(Stored items)
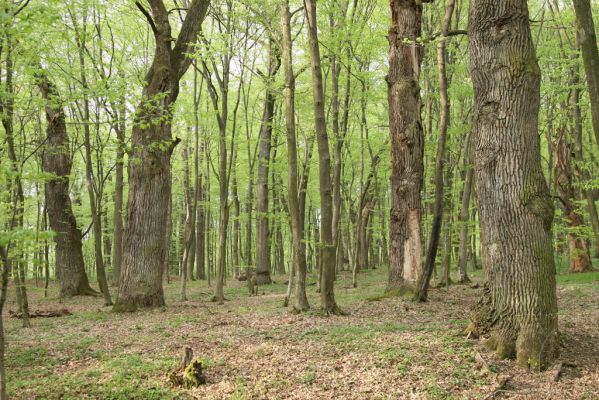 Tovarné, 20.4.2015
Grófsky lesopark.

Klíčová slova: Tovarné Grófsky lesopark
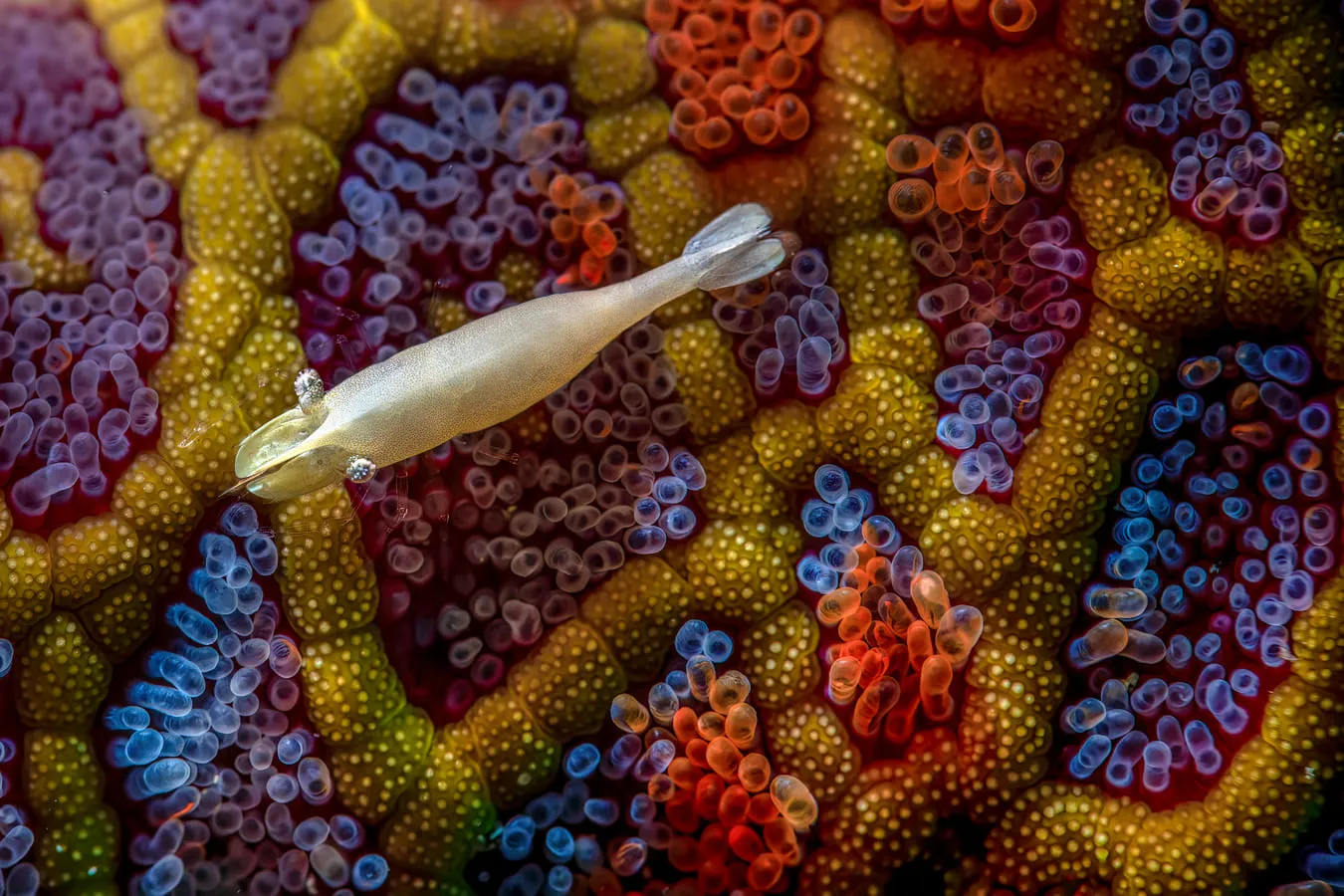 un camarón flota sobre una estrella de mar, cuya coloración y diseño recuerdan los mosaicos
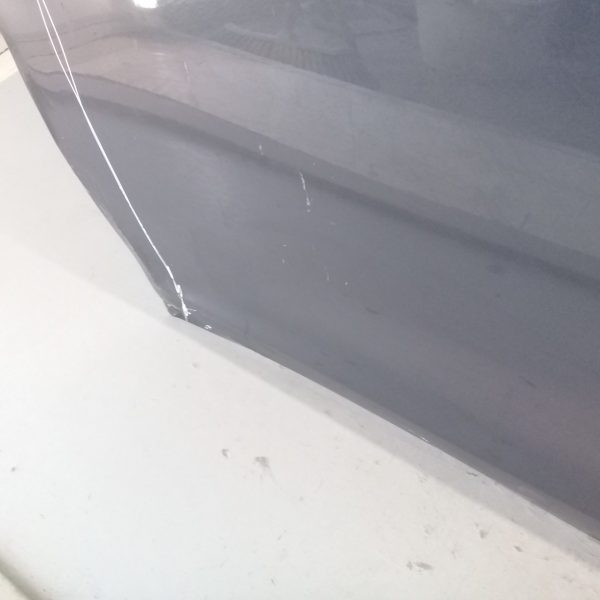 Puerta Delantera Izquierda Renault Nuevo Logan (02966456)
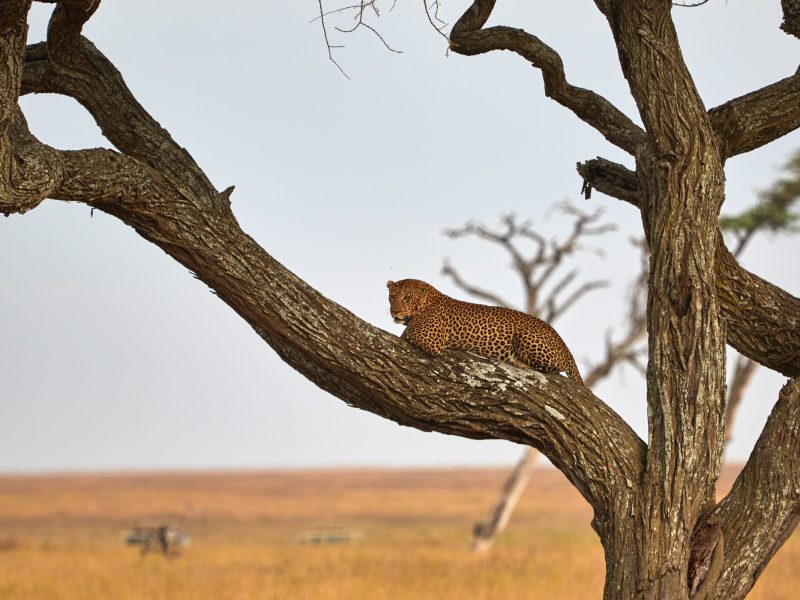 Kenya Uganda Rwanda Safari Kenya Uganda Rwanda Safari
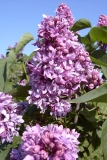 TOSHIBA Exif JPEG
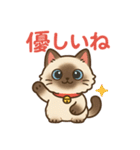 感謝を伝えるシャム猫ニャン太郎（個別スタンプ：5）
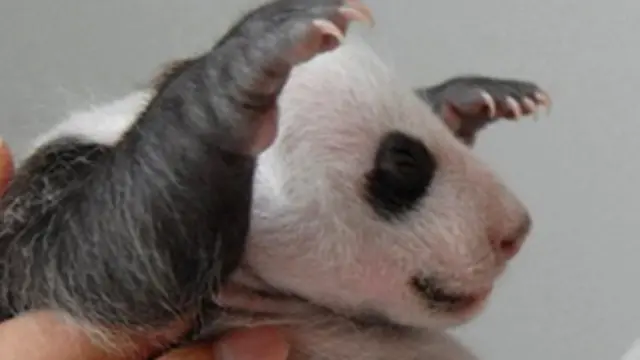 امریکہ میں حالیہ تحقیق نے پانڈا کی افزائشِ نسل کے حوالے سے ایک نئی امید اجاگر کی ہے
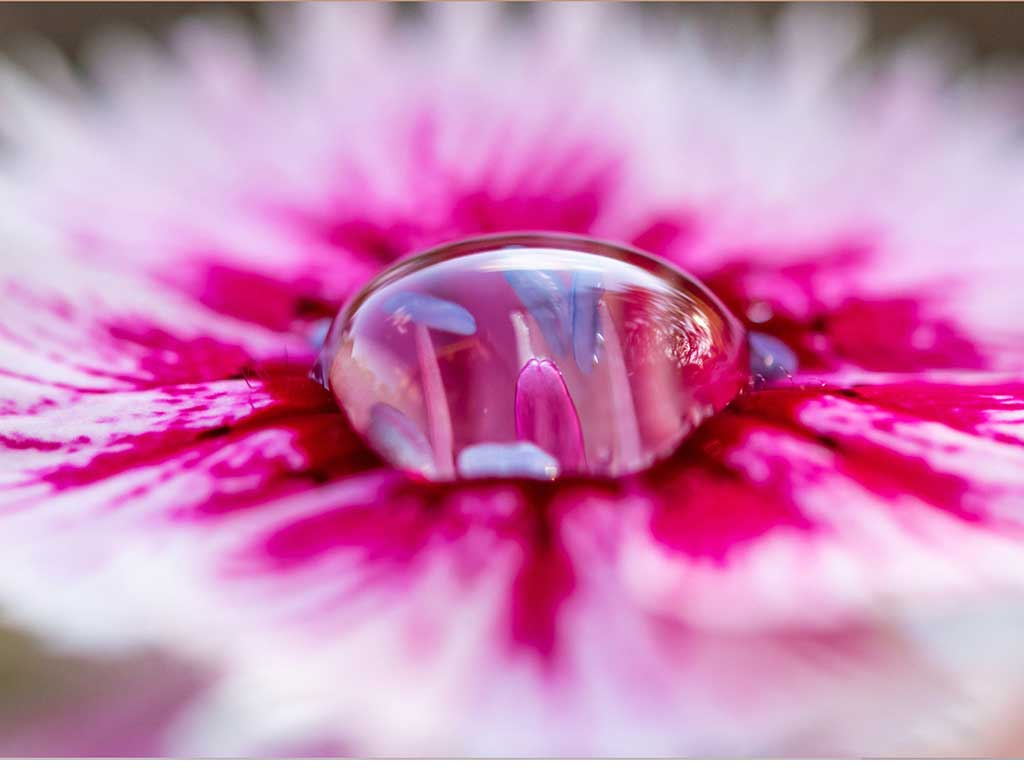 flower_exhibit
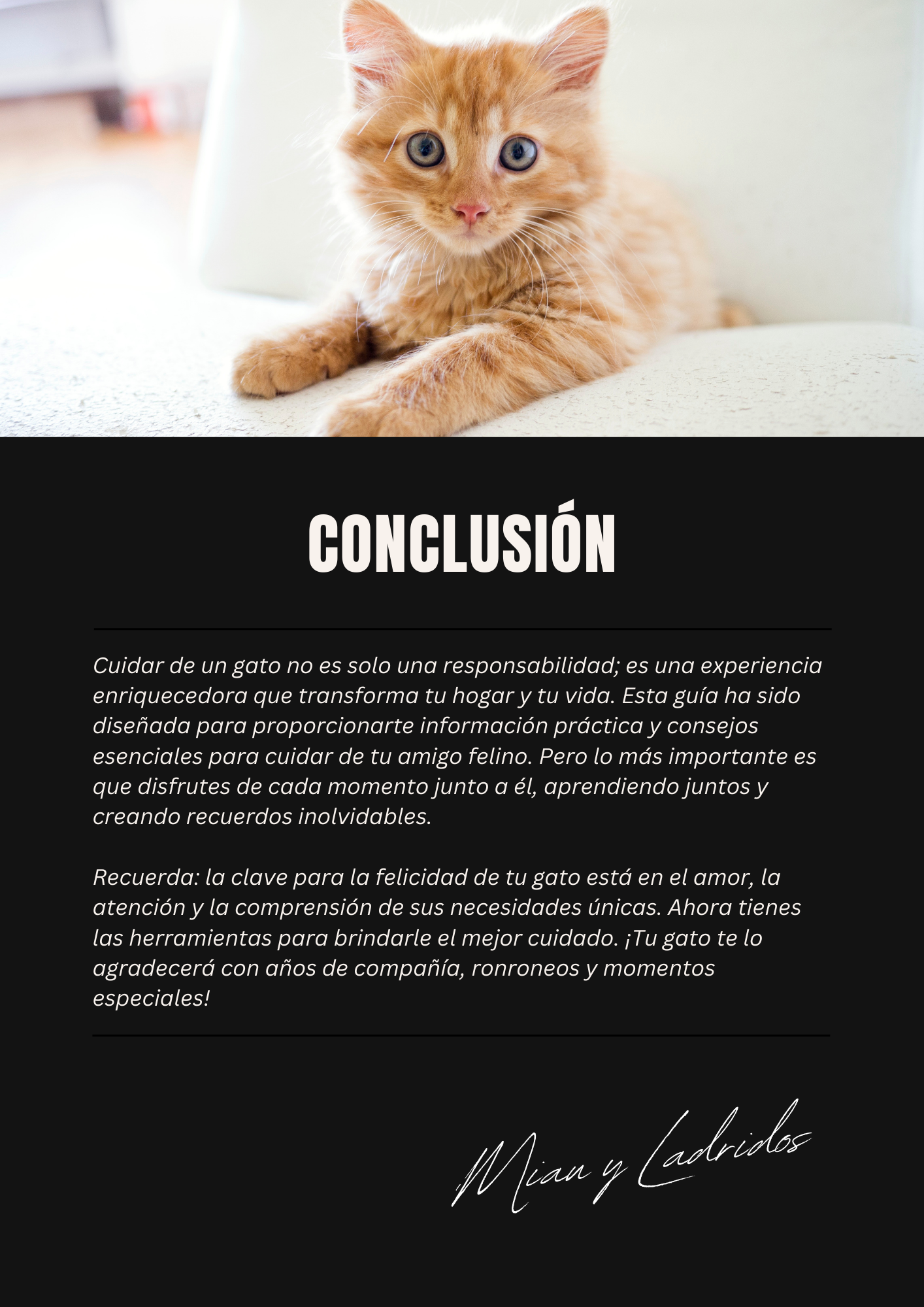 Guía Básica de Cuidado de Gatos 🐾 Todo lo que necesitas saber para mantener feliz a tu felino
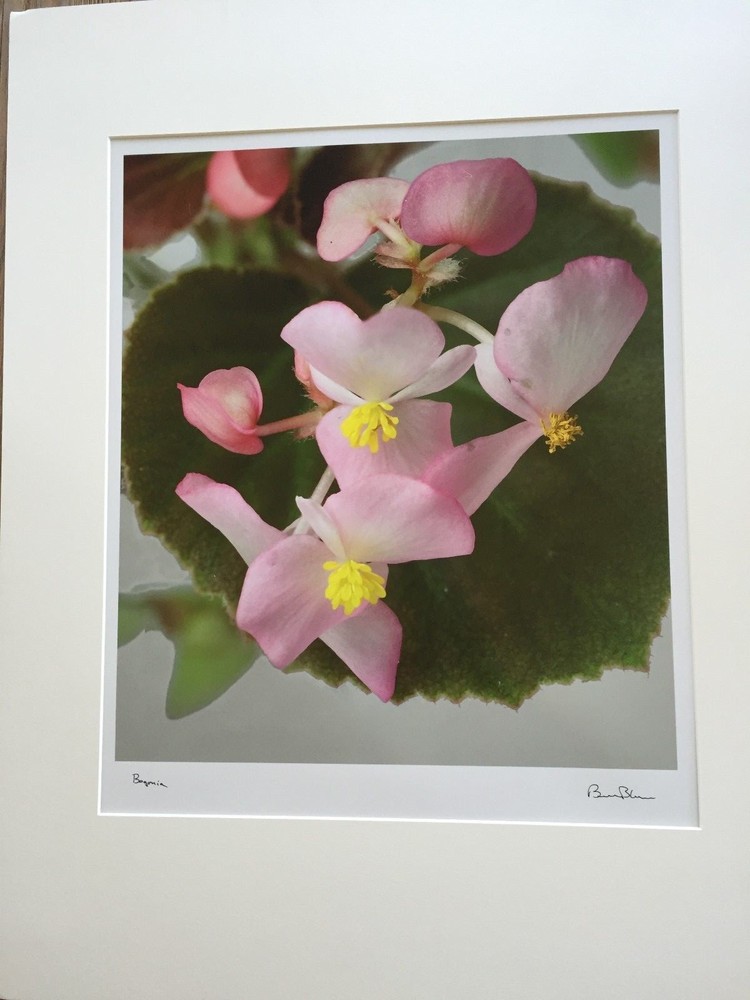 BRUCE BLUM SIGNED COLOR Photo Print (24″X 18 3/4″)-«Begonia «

(AIM OF THE EXERCISE):
Each line above that has the word "lesopark" must be copied.

(OUTPUT FOR THIS TASK):
Grófsky lesopark.
Klíčová slova: Tovarné Grófsky lesopark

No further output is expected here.